The Eight of Cups is not a dramatic exit. It's the quiet one — the figure on the card who turns their back on the cups they built and walks toward something higher, something more. No fanfare. No confrontation. Just the clear-eyed recognition that something has run its course, and the grace to leave it where it stands. This week asked for that. Maybe it was a conversation that wasn't worth having. Maybe it was a situation where the noise wasn't your noise to carry. Whatever it was — you saw it, and you chose the high road. That's not defeat. That's wisdom with its walking shoes on.
After the Eight of Cups comes the King — and what a king he is. Settled. Grounded. Secure in his own domain in a way that doesn't require anyone else's approval to maintain. The King of Pentacles has built something real. He knows what he knows. He doesn't argue with people who haven't done the work, because he doesn't need to — his results speak for themselves, and his authority was never up for debate. This week, when the questions came about your gifts and your practice and what you do and why — the King of Pentacles held the throne steady. You lit your candle and prayed for your journey. You didn't need a committee for that.

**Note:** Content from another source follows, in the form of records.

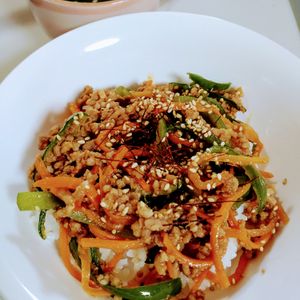ゆみの作ってみた!投稿(簡単・安い・旨い！【プルコギ風丼】)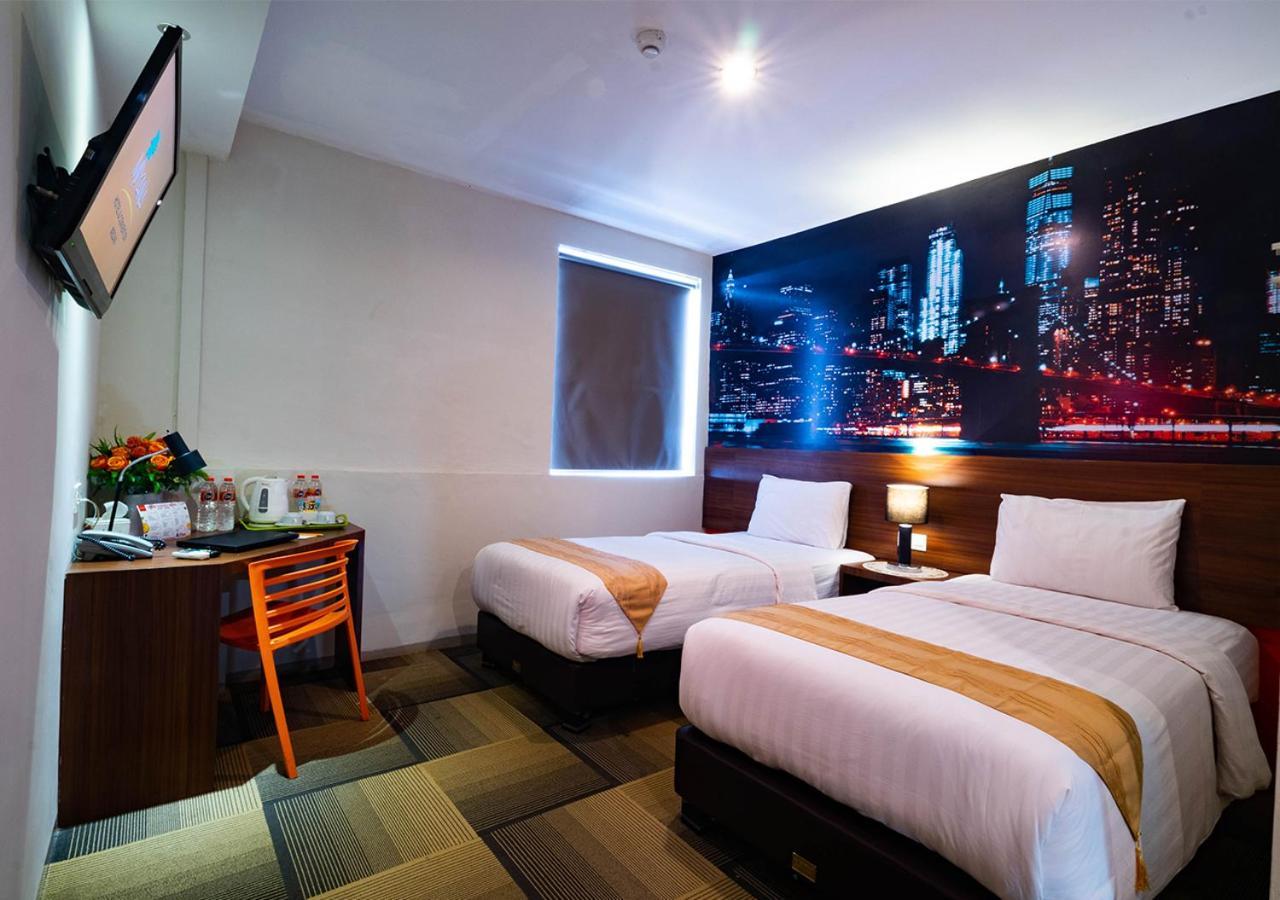 Miyanna Hotel Medan Esterno foto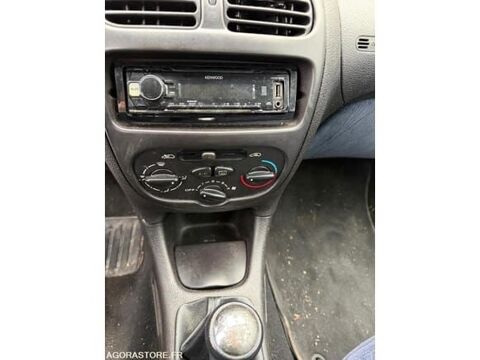 206 VF32AWJYF41685296 2001 occasion 93100 Mably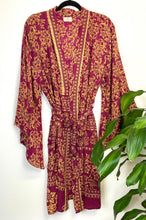 Load image into Gallery viewer, Vintage Sari Kimono Short
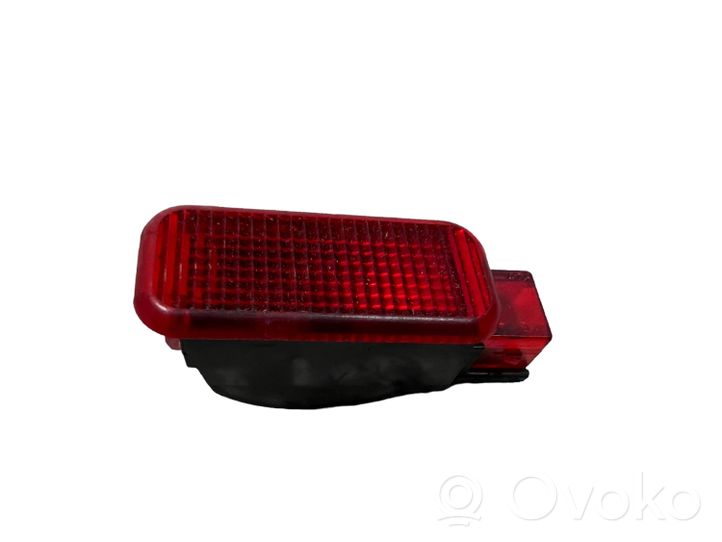 Audi A4 S4 B8 8K Lampka wewnętrzne drzwi tylnych 4B094741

The Knight of Pentacles doesn't gallop. He's not the flashy one. He moves deliberately, methodically, with his eyes on the ground and his hands on the work. After a week of walking away from what wasn't yours and standing firm in what is, the Knight of Pentacles says: now we build. Quietly. Steadily. Without apology. This weekend isn't about drama or resolution — it's about getting back to the work that matters to you. The grimoire. The readings. The practice. The things that are between you and God and nobody else's business. Let the weekend be useful. Let it be yours.

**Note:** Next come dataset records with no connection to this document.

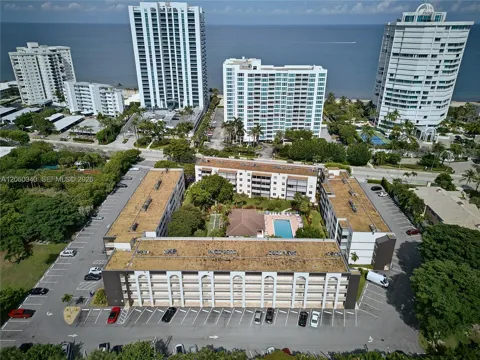 1541 S Ocean Blvd #313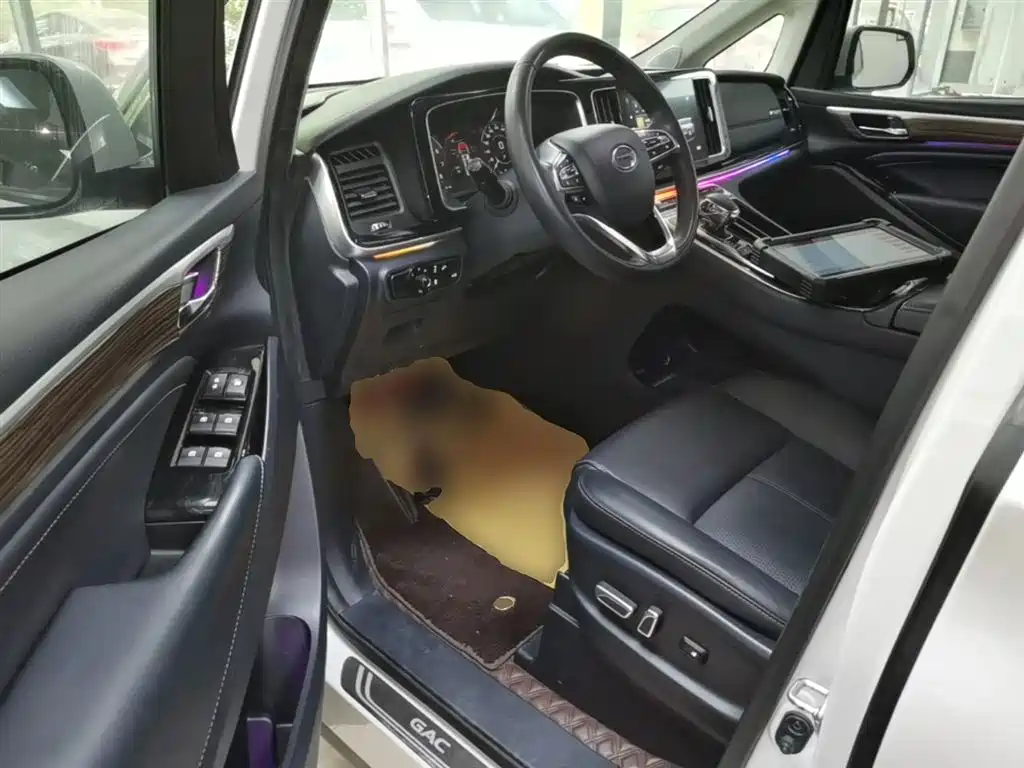GAC Motor Trumpchi M8 2022 — фото 16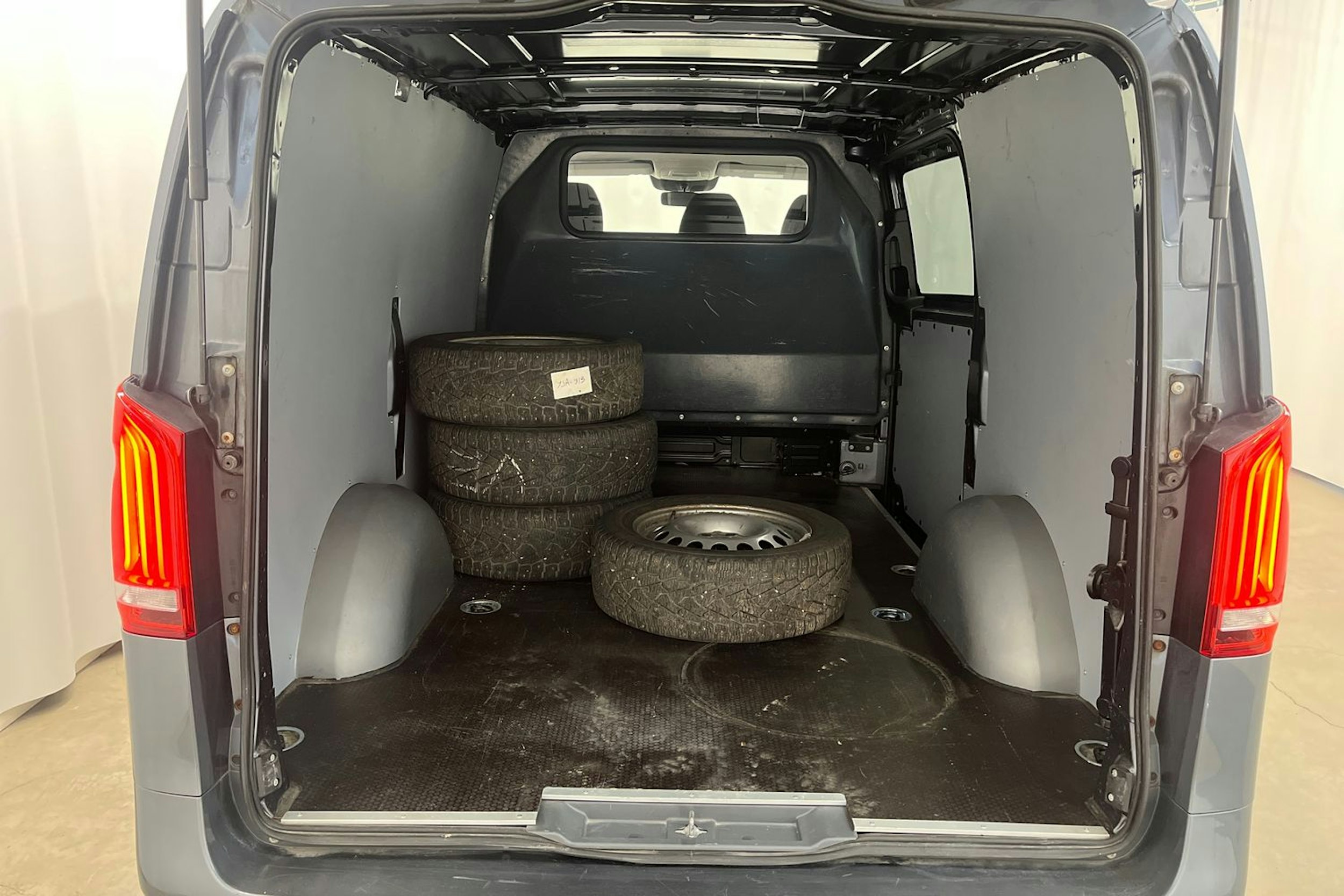 harmaa Mercedes-Benz Vito 2016 kuva 29.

Some weeks teach you what you're made of not by testing your strength but by testing your patience — with situations that don't deserve your fire, with people who don't understand your gifts, with noise that has nothing to do with your path. This week was one of those. And you made it through with your candle lit and your feet still moving.
God put the body together. Your part in it is yours alone. Nobody else gets a vote on that.